Dataset records
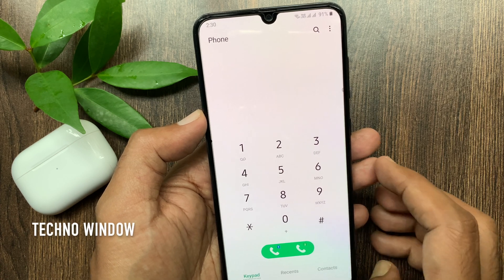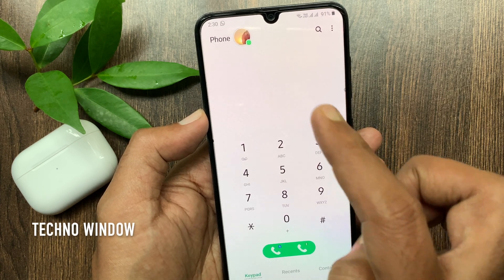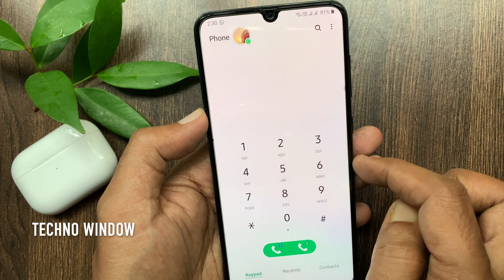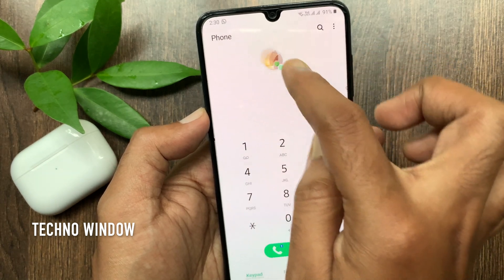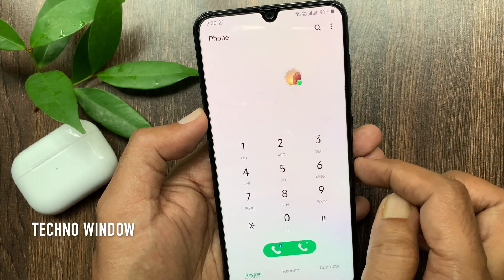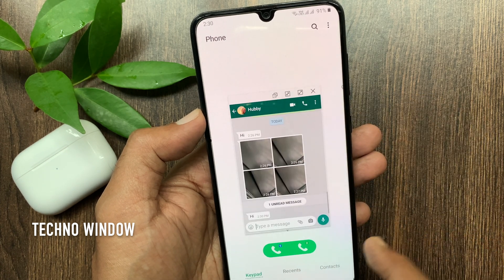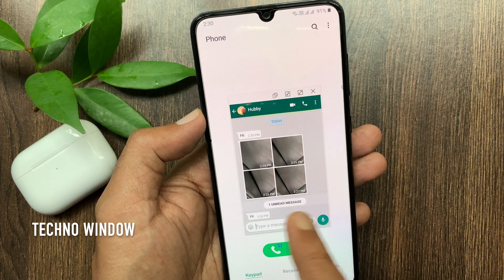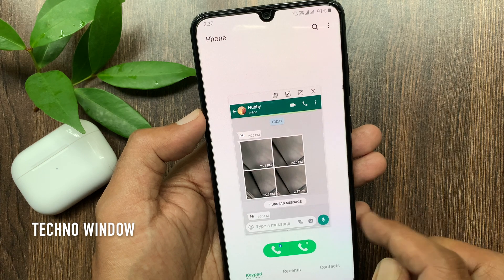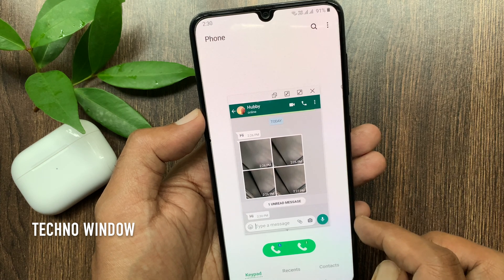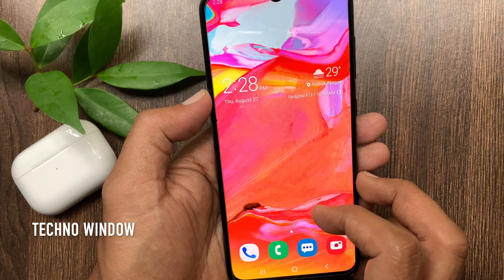Hi Viewer. Today I would like to show you all how to use the Smart Pop-up View on Samsung Galaxy A70. The Smart Pop-up View feature is designed to allow selected applications to notify you when a new notification pops up. Let's check out how to enable the Smart Pop-up View on Samsung Galaxy A70.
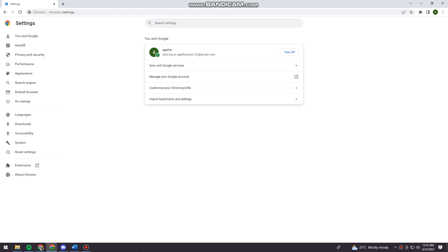Okay, so now just go ahead and click on privacy and security at the left side of your screen.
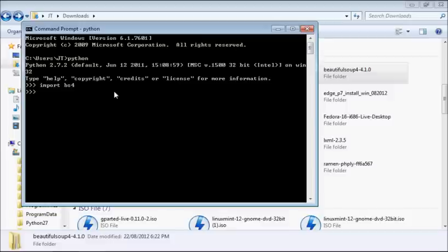As you can see, it returned no errors, so the install was successful. So that's how you install a python module in windows.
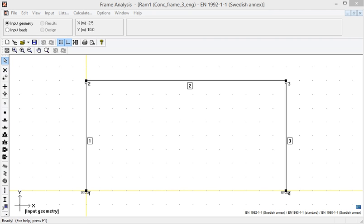Frame analysis, Video 15: Concrete design according to first order theory, part 3. The effect of initial bow imperfection must be considered for both first order and second order theory analysis in concrete design.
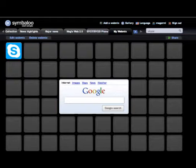In the right corner, right underneath where I typed Skype, it says 'share.' That's where you choose to share or not to share. It depends on what your purpose is. If it's a more generic web mix — say you're doing landforms and you want to make a web mix on landforms — you could be kind of generic. If it's more personal, then you might not want to share it. It all depends on what you're doing.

(PROBLEM TO SOLVE): Copy the entries exactly. No pictures.

(RESPONSE TO THE EXERCISE):
Hi Viewer. Today I would like to show you all how to use the Smart Pop-up View on Samsung Galaxy A70. The Smart Pop-up View feature is designed to allow selected applications to notify you when a new notification pops up. Let's check out how to enable the Smart Pop-up View on Samsung Galaxy A70.
Okay, so now just go ahead and click on privacy and security at the left side of your screen.
As you can see, it returned no errors, so the install was successful. So that's how you install a python module in windows.
Frame analysis, Video 15: Concrete design according to first order theory, part 3. The effect of initial bow imperfection must be considered for both first order and second order theory analysis in concrete design.
In the right corner, right underneath where I typed Skype, it says 'share.' That's where you choose to share or not to share. It depends on what your purpose is. If it's a more generic web mix — say you're doing landforms and you want to make a web mix on landforms — you could be kind of generic. If it's more personal, then you might not want to share it. It all depends on what you're doing.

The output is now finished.